START Information provided

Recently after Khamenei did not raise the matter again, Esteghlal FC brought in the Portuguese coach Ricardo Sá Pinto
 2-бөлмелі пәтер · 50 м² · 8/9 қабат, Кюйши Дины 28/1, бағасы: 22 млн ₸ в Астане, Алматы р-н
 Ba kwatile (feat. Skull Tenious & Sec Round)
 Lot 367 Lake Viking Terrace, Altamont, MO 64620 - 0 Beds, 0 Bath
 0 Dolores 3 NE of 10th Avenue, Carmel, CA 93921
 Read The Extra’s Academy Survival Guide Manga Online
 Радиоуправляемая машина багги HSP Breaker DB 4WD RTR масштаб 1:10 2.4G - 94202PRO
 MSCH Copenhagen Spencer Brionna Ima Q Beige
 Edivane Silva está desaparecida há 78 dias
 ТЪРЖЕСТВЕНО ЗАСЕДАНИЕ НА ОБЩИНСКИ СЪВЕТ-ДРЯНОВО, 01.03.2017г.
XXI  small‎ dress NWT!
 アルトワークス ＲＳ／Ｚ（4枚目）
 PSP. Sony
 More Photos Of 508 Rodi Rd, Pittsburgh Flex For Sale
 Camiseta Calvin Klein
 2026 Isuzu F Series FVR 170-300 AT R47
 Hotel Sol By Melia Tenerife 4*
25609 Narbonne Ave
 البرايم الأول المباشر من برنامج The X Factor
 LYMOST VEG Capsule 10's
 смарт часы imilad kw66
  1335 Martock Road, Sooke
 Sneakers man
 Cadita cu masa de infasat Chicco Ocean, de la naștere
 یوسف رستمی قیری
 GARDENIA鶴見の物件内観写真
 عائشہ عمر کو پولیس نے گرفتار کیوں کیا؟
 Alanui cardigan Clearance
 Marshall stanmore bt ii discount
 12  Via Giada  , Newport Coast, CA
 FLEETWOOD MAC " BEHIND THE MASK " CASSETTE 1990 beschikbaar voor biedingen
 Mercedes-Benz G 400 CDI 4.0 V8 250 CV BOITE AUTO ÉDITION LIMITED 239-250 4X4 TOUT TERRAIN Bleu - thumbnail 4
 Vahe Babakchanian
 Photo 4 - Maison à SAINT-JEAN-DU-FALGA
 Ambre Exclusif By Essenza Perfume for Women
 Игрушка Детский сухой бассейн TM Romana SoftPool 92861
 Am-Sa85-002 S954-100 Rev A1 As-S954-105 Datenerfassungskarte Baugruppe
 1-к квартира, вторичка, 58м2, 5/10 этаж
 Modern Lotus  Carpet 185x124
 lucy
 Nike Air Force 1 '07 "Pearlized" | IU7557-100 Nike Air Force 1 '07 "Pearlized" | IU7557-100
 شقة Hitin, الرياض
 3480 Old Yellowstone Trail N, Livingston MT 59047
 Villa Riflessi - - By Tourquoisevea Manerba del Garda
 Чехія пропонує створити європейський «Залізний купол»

END Information provided

All the records above need to be transcribed exactly and in full.

Recently after Khamenei did not raise the matter again, Esteghlal FC brought in the Portuguese coach Ricardo Sá Pinto
 2-бөлмелі пәтер · 50 м² · 8/9 қабат, Кюйши Дины 28/1, бағасы: 22 млн ₸ в Астане, Алматы р-н
 Ba kwatile (feat. Skull Tenious & Sec Round)
 Lot 367 Lake Viking Terrace, Altamont, MO 64620 - 0 Beds, 0 Bath
 0 Dolores 3 NE of 10th Avenue, Carmel, CA 93921
 Read The Extra’s Academy Survival Guide Manga Online
 Радиоуправляемая машина багги HSP Breaker DB 4WD RTR масштаб 1:10 2.4G - 94202PRO
 MSCH Copenhagen Spencer Brionna Ima Q Beige
 Edivane Silva está desaparecida há 78 dias
 ТЪРЖЕСТВЕНО ЗАСЕДАНИЕ НА ОБЩИНСКИ СЪВЕТ-ДРЯНОВО, 01.03.2017г.
XXI  small‎ dress NWT!
 アルトワークス ＲＳ／Ｚ（4枚目）
 PSP. Sony
 More Photos Of 508 Rodi Rd, Pittsburgh Flex For Sale
 Camiseta Calvin Klein
 2026 Isuzu F Series FVR 170-300 AT R47
 Hotel Sol By Melia Tenerife 4*
25609 Narbonne Ave
 البرايم الأول المباشر من برنامج The X Factor
 LYMOST VEG Capsule 10's
 смарт часы imilad kw66
  1335 Martock Road, Sooke
 Sneakers man
 Cadita cu masa de infasat Chicco Ocean, de la naștere
 یوسف رستمی قیری
 GARDENIA鶴見の物件内観写真
 عائشہ عمر کو پولیس نے گرفتار کیوں کیا؟
 Alanui cardigan Clearance
 Marshall stanmore bt ii discount
 12  Via Giada  , Newport Coast, CA
 FLEETWOOD MAC " BEHIND THE MASK " CASSETTE 1990 beschikbaar voor biedingen
 Mercedes-Benz G 400 CDI 4.0 V8 250 CV BOITE AUTO ÉDITION LIMITED 239-250 4X4 TOUT TERRAIN Bleu - thumbnail 4
 Vahe Babakchanian
 Photo 4 - Maison à SAINT-JEAN-DU-FALGA
 Ambre Exclusif By Essenza Perfume for Women
 Игрушка Детский сухой бассейн TM Romana SoftPool 92861
 Am-Sa85-002 S954-100 Rev A1 As-S954-105 Datenerfassungskarte Baugruppe
 1-к квартира, вторичка, 58м2, 5/10 этаж
 Modern Lotus  Carpet 185x124
 lucy
 Nike Air Force 1 '07 "Pearlized" | IU7557-100 Nike Air Force 1 '07 "Pearlized" | IU7557-100
 شقة Hitin, الرياض
 3480 Old Yellowstone Trail N, Livingston MT 59047
 Villa Riflessi - - By Tourquoisevea Manerba del Garda
 Чехія пропонує створити європейський «Залізний купол»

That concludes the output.